At 11:45 PM 1/4/96 -0800, you wrote:
At 3:19 AM 1/5/96, jim bell wrote:
But BTW, isn't it interesting, that news item from a few weeks ago, on an algorithm for determining individual bits in Pi, regardless of whether you've calculated all the previous ones. Only problem is, it only works in hexadecimal (and, obviously, binary, etc, not decimal. ^^^^^^^^^^^
???
I didn't see this result you mention, but it surprises me.
And practically everybody else, I'm sure! It was written up in Science News magazine, BTW.
The part about how it works in some bases, but not in decimal.
Well, by definition if it works in hex, it'll work in octal, "quadal" (?), binary, etc. That's ASSUMED, since they would be subsets (co-sets?) of each other.
The "hand-waving" (motivational/informal) explanation for why I am surprised is that "Nature doesn't care about bipeds with 10 digits vs. bipeds, or whatever, with 2 digits or 16 digits." That is, results applicable in base 16, hexadecimal, should be easily applicable in base 10.

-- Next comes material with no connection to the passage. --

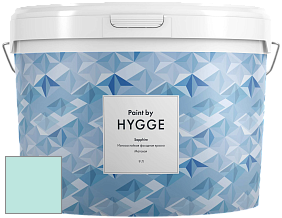 HYGGE Paint Sapphire фасадная краска цвет NCS S 0520-B60G 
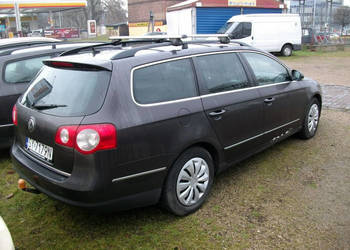Volkswagen Passat Volkswagen Passat B6 (2005-2010)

Yeah, well, I understand your frustration, but to me the really amazing part is that the elephant flies at all, and not how well he flies (<G>) (In other words, the amazing thing is that there is a predictable relationship in ANY base system) Chances are the thing WON'T work in base 3,5,6,7,9,10,11,12,13,14,15, and any other non 2**n base. Or, at least, it will take a DIFFERENT equation to work in those other bases, if they work at all.
And there is are interesting properties about the distribution of digits in "random" numbers. Pi is of course not random by many definitions, but shares certain important properties with random numbers. (Or sequences, if you wish.) One of these is properties is that of _regularity_, the frequency of digits. A regular number is one whose expansion has in the limit the same frequency for all digits, and this is so in any base. Thus, a regular number has an equal frequency (in the limit, blah blah) of 0s, 1s, 2s, 3s, etc. And switching to another base will not change this.

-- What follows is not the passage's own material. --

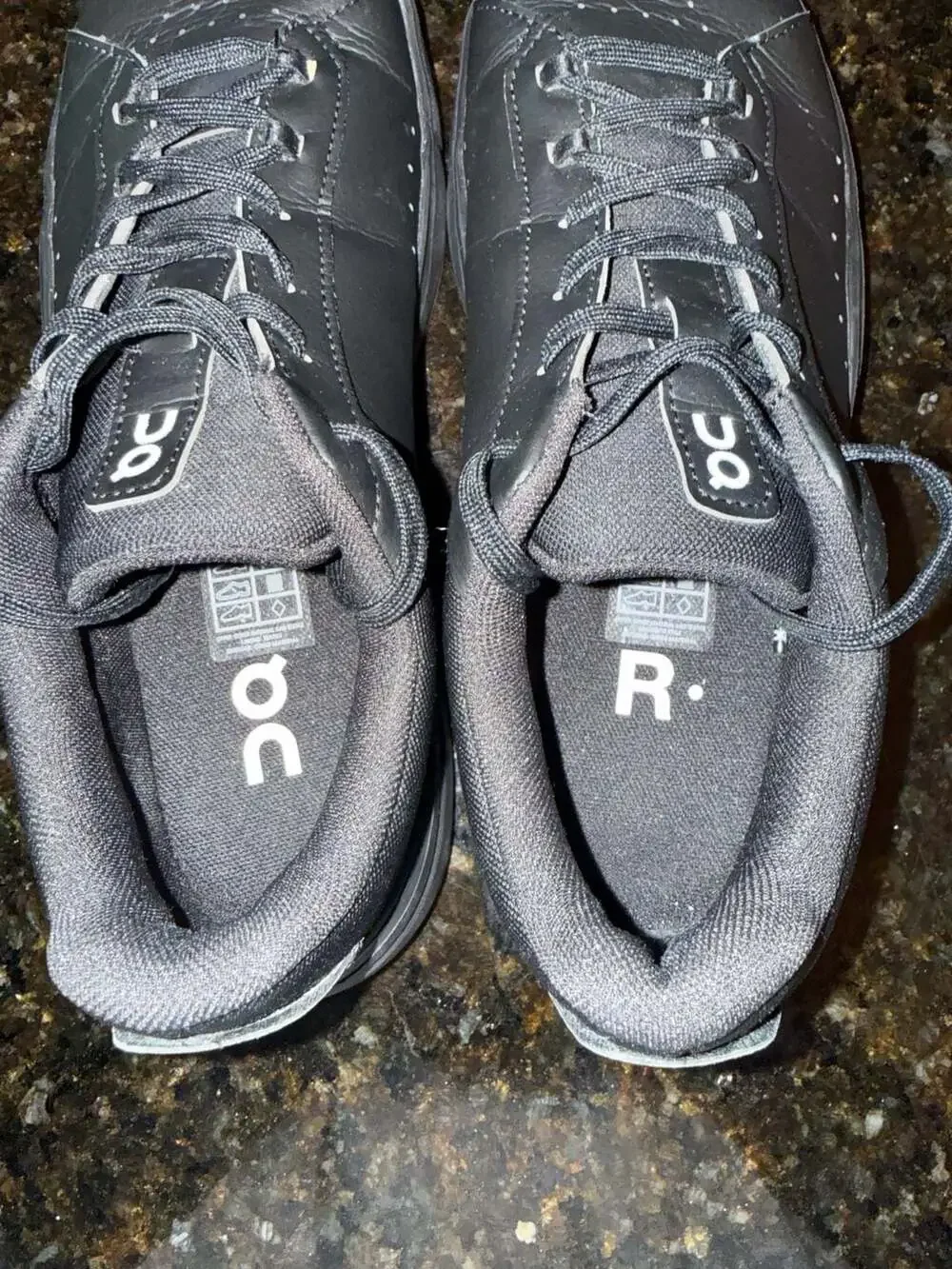 On roger advantage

Not "regular," you used the wrong term. As a mathematician's term of art, this is called "normal." In other words, equal numbers of digits 0-9, equal numbers of digit pairs 00-through 99, equal number of digit triplets 000-999, etc. A series of random numbers, by definition, must be "normal." But "Normal" numbers do not necessarily have to be random. As you might expect, however, testing for "normality" is a good first test of "randomness." (I'm not a mathematician, and I don't play one on TV. Don't be overly impressed with the preceeding knowledge; I'm sure there are dozens if a hundred people reading cypherpunks who know more math than I do. I only got a 780 on the math portion of my SAT, 20 years ago... 790's and 800's weren't all that uncommon.)
I recollect that pi has been proved to me regular, i.e., that pi has an equal frequency of all digits, in the limit, in all bases.
Yes, pi is apparently "normal." (at least four the first 4 billion or so digits...)
(This is the sense in which we can argue that pi is "random." in the sense that there are no correlations, no dependence of the n+1th digit on the nth digit, and "no apparent order." Furthermore, there is no effective compression of pi, except by some tricks, such as _naming_ it (a dictionary compression, of sorts) or by specifying a program which computes it. Lots of interesting issues about the real meaning of randomness and compressability, about the "logical depth" of certain computations, etc. I recommend "The Universal Turing Machine" (ed. by Haken, as I recall) for a nice set of articles on these fascinating issues.)
Of course, I'm not sure of the ramifications of this new discovery (individual-digit computability of pi) on the facts you list... (for example, inter-digit dependence) However, if the digital representations of the digits of pi were indeed still individually "random" and they could be individually computed rapidly enough, at least hypothetically you could use the digits of pi as a "one-time-pad". Obviously, everyone would know (at least, conceptually) the ENTIRE CONTENT of the pad; the only issue would be the location where you started. If the starting point was the key, and could be defined by a number of at least, say, 256-bits long, it might be a replacement for IDEA whose current length is fixed at 128 bits. I suppose the problem with this technique will probably be that it would take too long to calculate the (a number somewhere around 2**256) bit of pi, and for an n-bit message you'd have to do this n times.
In summary, I would be surprised to find that a method for calculating the Nth digit of pi works for base N but not for base M (modulo some minor efficiency factors related to machine architecture, etc.).
I'm sure somebody else will have seen it. It was in Science News in the last couple of months, as I recall. Some kind soul will probably type it in. Maybe I can even retrieve my copy from my sister.